# Thinking about buying a distance set up.



## EDMboarder (Mar 18, 2005)

Want to get more into field casting, so was thinking about buying a rod and new reel, but want to still be able to fish with the set up.

Was looking into the AFAW 13' beach (but still not sure if i want that or a lighter rater rod), but have no clue what reel to look for.

My ears are open for suggestions.


----------



## roy j (Apr 6, 2008)

daiwa sealine sha30 great reel for the money


----------



## Kwesi W. (Apr 14, 2006)

IMHO the beach is sweet for field work.I get pretty good numbers with 125g, and 150g. You will find that when it comes to field work normal rod ratings dont mean much.. LOL I never would have thought a heaver (AFAW beach) would be good at castng 125g,.. 

As far as reels go people will give you there opinions. My opinion would be to use one of he nice reels you have already. I actually went and got a cheap 5500 c3 and plan to have it converted.. good luck


----------



## ReelinRod (May 29, 2003)

Pair it with a engineered for distance spinning reel and a reasonably efficient casting motion and you will be able to mark casts well over 600 feet on the field and with braid, place baited hooks over 500 feet from the beach. 

No tuning issues, no worries in wind and a drag that a conventional guy can only match with a 50lb class lever drag big game reel . . .

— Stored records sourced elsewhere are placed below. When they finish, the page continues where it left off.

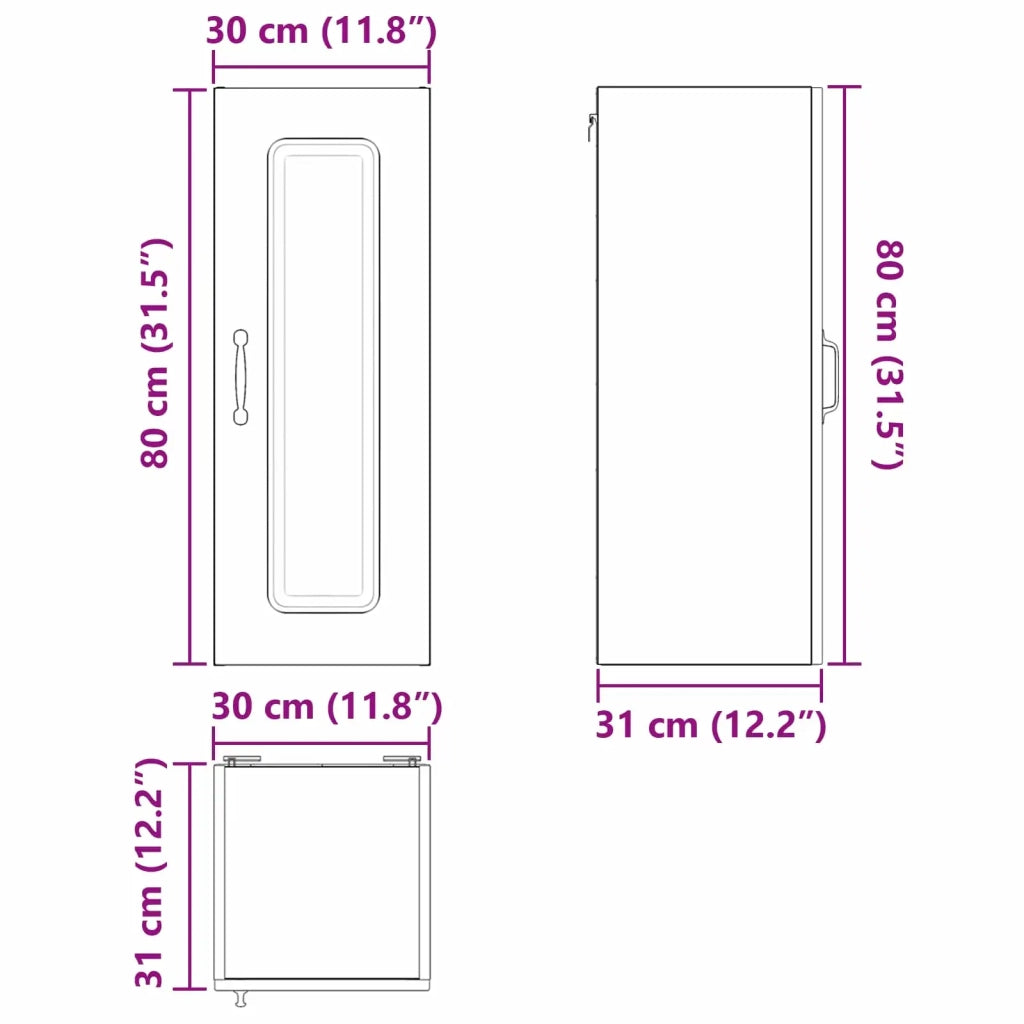 Pannello lavastoviglie Kalmar Rovere fumé 30 x 31 x 80 cm 884664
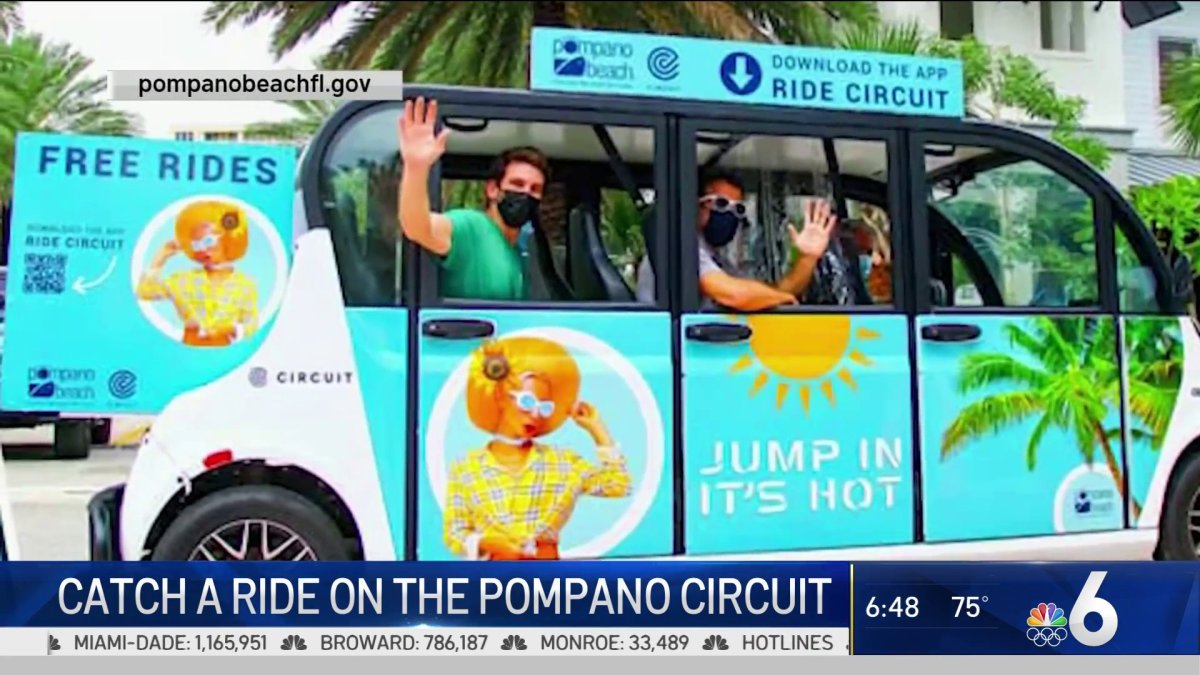 Catch a Ride on the Pompano Circuit NBC 6 South Florida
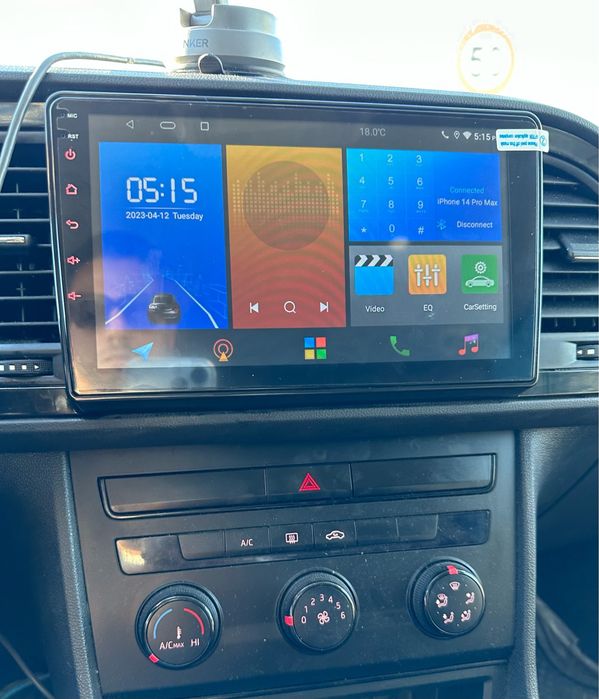 Navigatie android Seat Leon Waze YouTube GPS BT USB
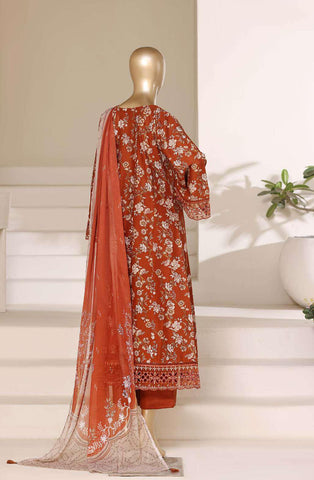 Sadabahar Peplum Embroidered Lawn Stitched 3 Piece Suit D-2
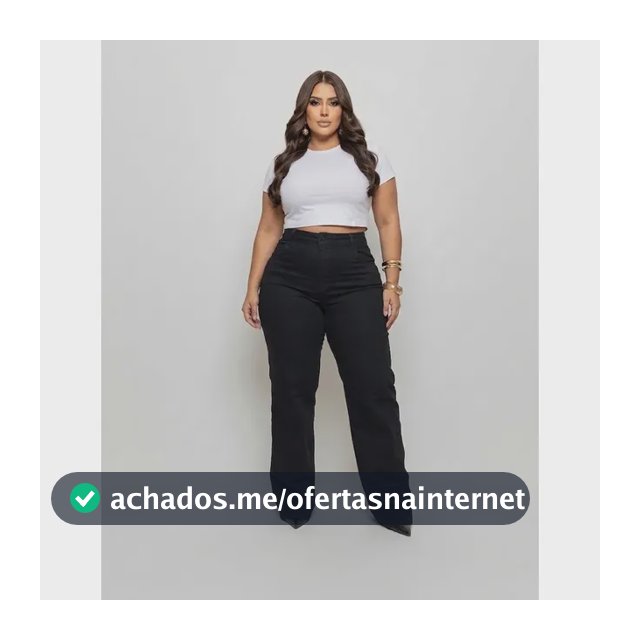 Calça Jeans Wide Leg Feminina Plus Size Destroyed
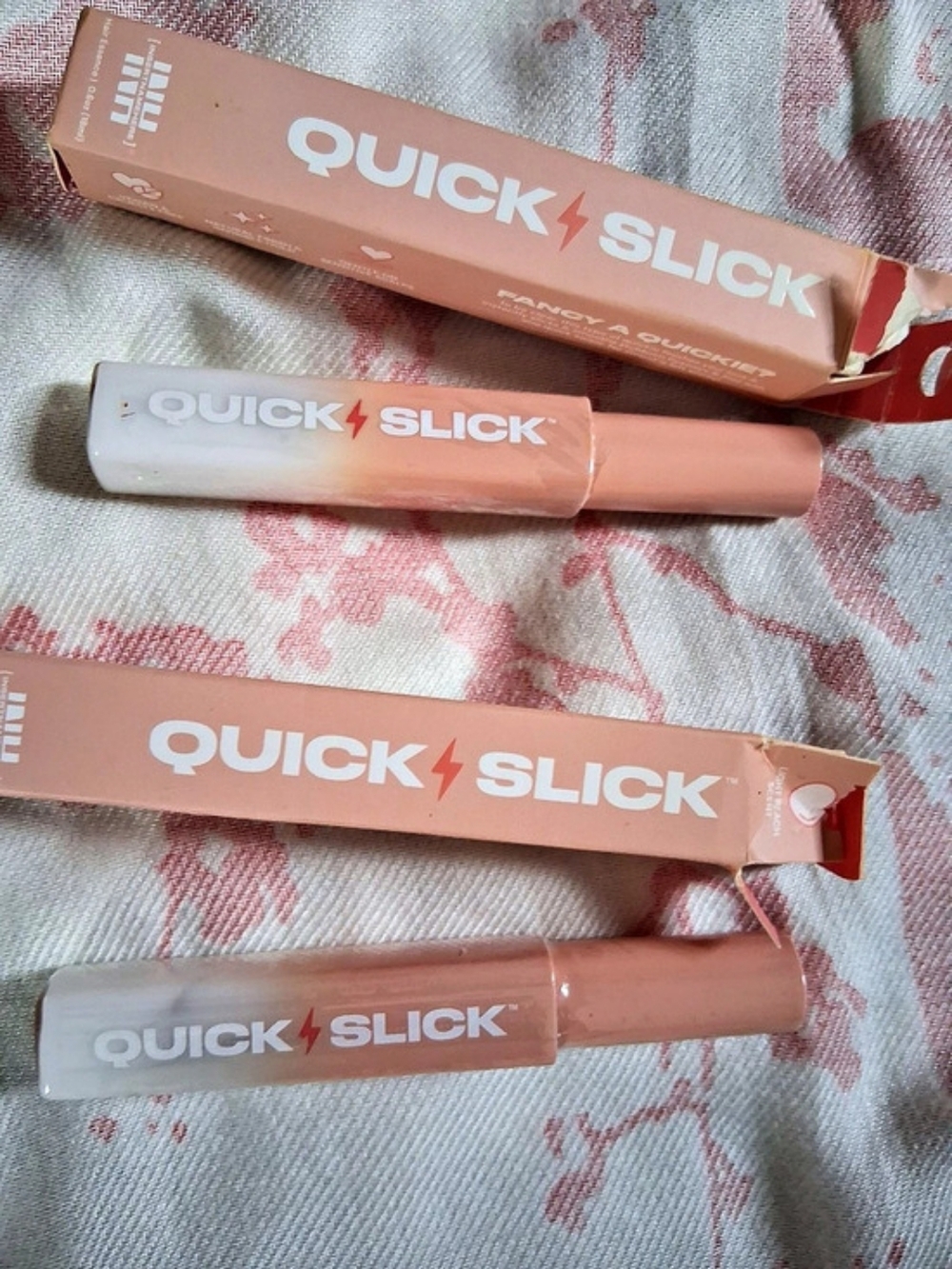 INH Hair Quick Slick Pink Set NWT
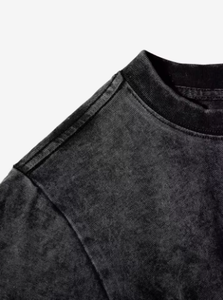 Soft Knitted Oversized Casual Streetwear Summer T-Shirt for Men - Product Image 2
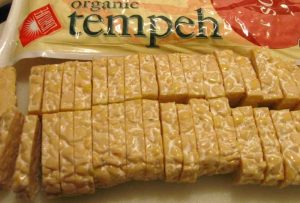 tempeh, soia gialla, alimento fermentato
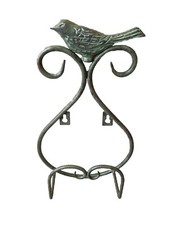 VTG Farmhouse Shabby Chic Plate Holder Towel Decor Bird 14” CottageCore Eclectic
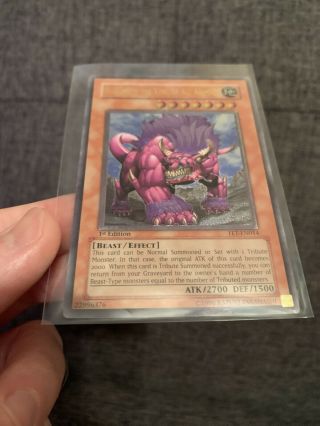 Yugioh Behemoth The King of All Animals FET - EN014 Ultimate Rare 1st Edition 3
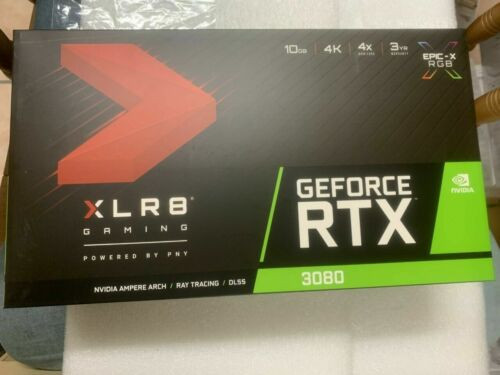Pny Geforce Rtx3080 10Gb Xlr8 Graphics Card Lhr New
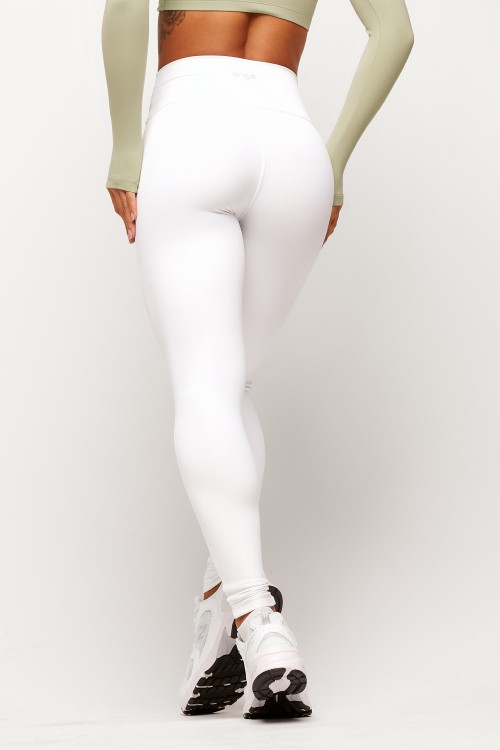 Calça Legging Branca sem costura frontal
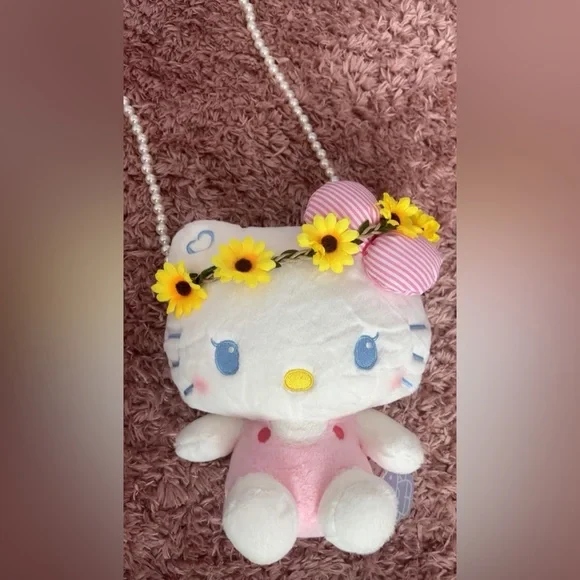 NWT Sanrio Hellokitty large plush purse. Super adorable and well detailed. - Picture 2 of 6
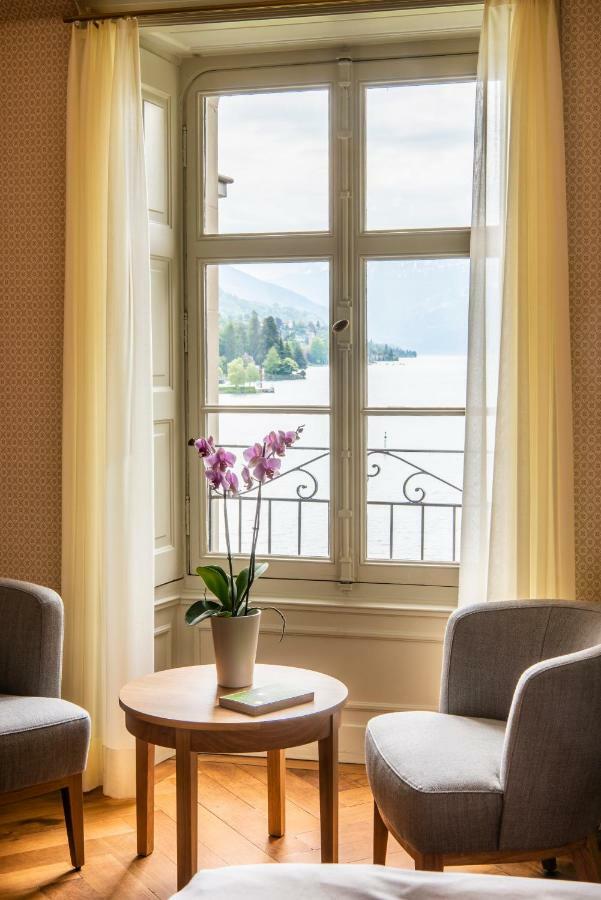 Schloss Schadau - Swiss Historic Hotel Thun Dış mekan fotoğraf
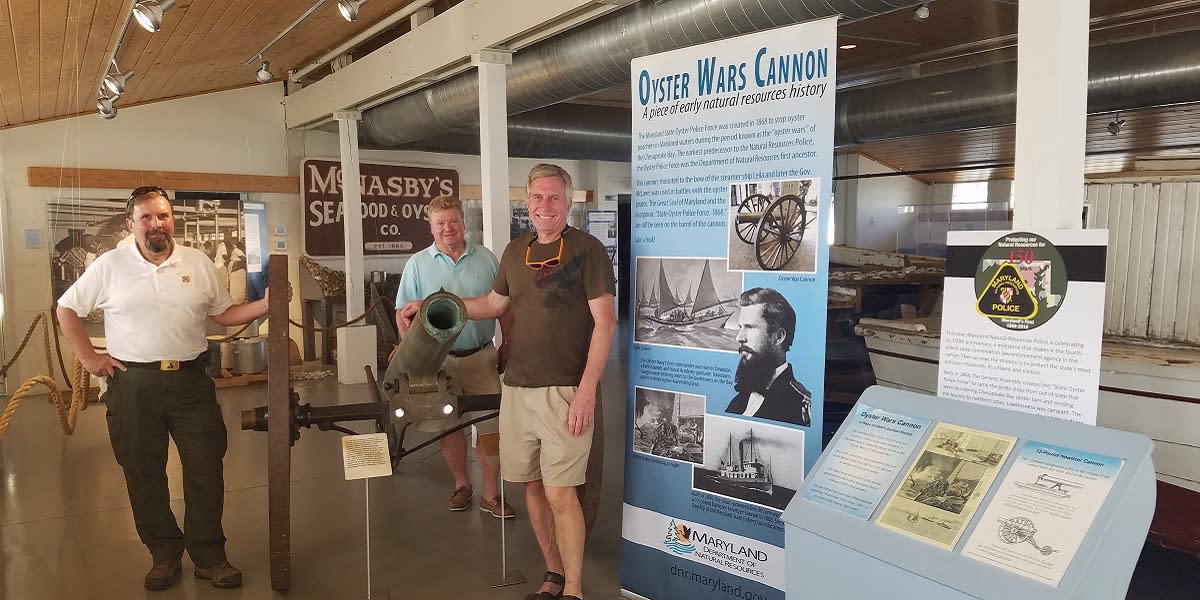 Oyster Wars Cannon at the Annapolis Maritime Museum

If you are coming to the fling you are welcome to cast mine.


----------



## Kwesi W. (Apr 14, 2006)

I would like to cast yours..


----------



## Hudak (Sep 10, 2007)

If you decide to go with a "conventional" setup, I would look at a stock reel like a mag 525 or any of the abu's such as the Blue Yonder, Mag Elite, Chrome Rocket, any thing that is non-level wind. You can get sweet distance with these reels and still take them to the suds.

Robert


----------



## Kwesi W. (Apr 14, 2006)

Kingfeeder is correct..


----------



## Mark G (Nov 15, 2004)

EDMboarder said:


> Want to get more into field casting, so was thinking about buying a rod and new reel, but want to still be able to fish with the set up.
> 
> Was looking into the AFAW 13' beach (but still not sure if i want that or a lighter rater rod), but have no clue what reel to look for.
> 
> My ears are open for suggestions.



If your serious about wanting to try your hand at field casting I would suggest coming to the casting tournament in Northern Virginia in late May. You'll get a much better idea about what equipment is used, and be able to get a feel for what field casting is all about. 

You can use a general fishing heaver and fishing reel to start out, but you'll find if you want to get serious about it, you will likely want to get some thing a little heavier than the AFAW beach, tho there is nothing wrong with that rod for starting out and throwing the lighter weights.

The AFAW big beach has considerably more power and can be used for the heavier weights as well, and has advantages for field casting- one being the 14' length, plus you can get a reducer for it. It is closer to being a true tournament casting rod than the beach- albeit at 14' it is a little on the long side for general fishing duty.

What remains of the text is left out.